Any failure caused by a transaction in order to preserve/achieve logical integrity results in a roll-back of that transaction.
A last requirement is that each update of the version space should be persistent.
In data schema evolution several principles were defined to keep the schema consistent after each change of its definition. These solution principles are referred to as semantics of change.
A possibility is to define invariant properties intrinsic to the model to ensure semantic and structural integrity; and then to define rules or primitives for effecting the changes, by preserving these invariants [todo - Banerjee et al., 1987]. Mostly there are multiple alternative ways to preserve the invariants; the transformation rules are then responsible for choosing the most meaningful way.
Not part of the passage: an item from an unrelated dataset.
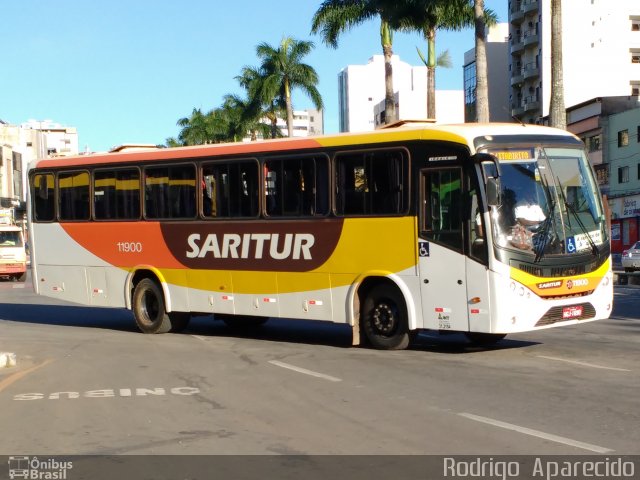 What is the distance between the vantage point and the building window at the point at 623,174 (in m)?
65.9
Another possibility is to carefully restrict the set of mutators. In the relational model, only change atomic operators are allowed that preserve the consistency. More complex well-ordered sequences of such atomic change operators are allowed if there are constraints on their application order. [Roddick, 1993] requires the atomic change operators to be expressible in relational algebra.
Once the ontology has been revised, its interpretation mapping with some committing applications might get broken, resulting in wrong interpretations of instance data and semantics. The responsible person for the committing application has several alternatives:
A change in an ontology is always a decision which has been agreed on by a community. Further on, each application responsible has to decide by itself whether she or he will follow the trend and change along. However, if the backwards/forwards compatibility requirement (see R8) is fulfilled, one has not to revise her application model or interpretation mapping.
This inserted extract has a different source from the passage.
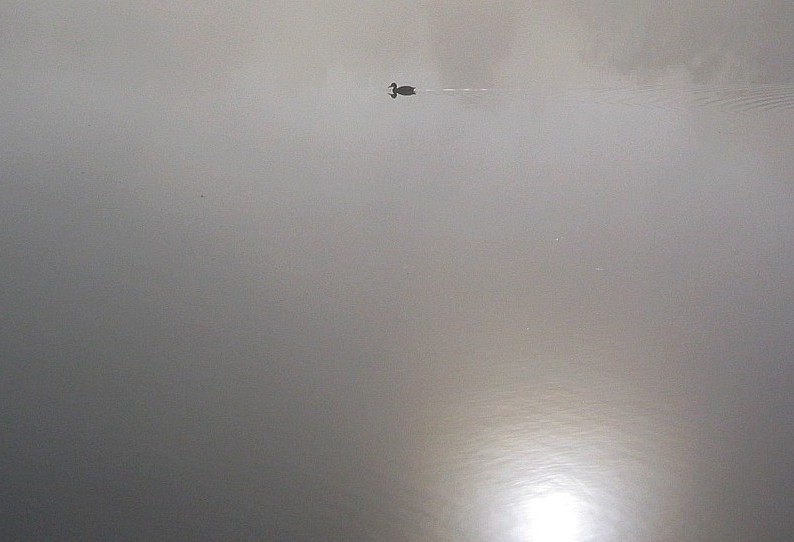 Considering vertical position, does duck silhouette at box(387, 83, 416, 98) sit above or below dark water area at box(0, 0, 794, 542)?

Dropping a concept Suppose the decision is taken to drop the concept PERSON from an ontology. This means that the majority of the community members is not interested anymore in interpreting the concept. Members that do not agree keep their commitment to the old version, and the new version is backwards compatible with the old one.
Adding a concept A new concept is introduced in the ontology, resulting into a new version. Old application models will still be compatible with the new version.
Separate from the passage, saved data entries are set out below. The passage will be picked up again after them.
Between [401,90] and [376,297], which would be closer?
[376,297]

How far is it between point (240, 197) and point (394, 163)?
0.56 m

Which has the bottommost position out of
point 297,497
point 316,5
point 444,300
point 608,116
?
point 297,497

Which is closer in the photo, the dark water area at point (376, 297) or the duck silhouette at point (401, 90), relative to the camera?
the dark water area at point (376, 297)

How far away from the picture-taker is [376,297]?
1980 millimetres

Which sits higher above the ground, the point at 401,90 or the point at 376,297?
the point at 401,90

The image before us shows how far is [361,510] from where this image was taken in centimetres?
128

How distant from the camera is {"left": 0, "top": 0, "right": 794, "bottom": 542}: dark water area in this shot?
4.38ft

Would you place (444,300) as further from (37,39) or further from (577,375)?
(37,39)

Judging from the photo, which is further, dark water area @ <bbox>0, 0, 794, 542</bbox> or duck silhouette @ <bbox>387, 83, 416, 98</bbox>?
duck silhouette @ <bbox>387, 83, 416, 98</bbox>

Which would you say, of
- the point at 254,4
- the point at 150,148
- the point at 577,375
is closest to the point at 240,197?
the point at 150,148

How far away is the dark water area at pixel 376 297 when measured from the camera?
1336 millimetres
Updating a concept In some paradigms this reflects to adding or dropping properties of a concept, in others this means dropping or adding relationships between concepts. Potential (consistency) problems must be anticipated here.
Changing constraints and rules The support needed here depends on the expressiveness of the language. But here also consistency problems might arise and must be anticipated.
The user should be able to view differences between versions in an easy, and intuitive manner. A good starting point here can be the work done in PROMPTDiff. The custom transformations mentioned in Requirement R7.2 could be used in the comparison.
This feature unlocks possibilities for new applications such as forking/joining parallel ontology versions. When an initial ontology is used and evolved several times by different independent user groups (forking), it could be interesting to investigate the differences between the two resulting versions, and merge them. Note that ontology merging is not within the scope of this WP.
The impact of the consequences of a certain ontology evolution, both on the conceptual and instance level, should be calculated. Deployment of ontologies in applications typically comes down to committing [Guarino, 1998, Meersman, 2001] or mapping the applications information assets (such as data schemas) to the ontological model. Any change in the ontology might break thus the integrity of this commitment.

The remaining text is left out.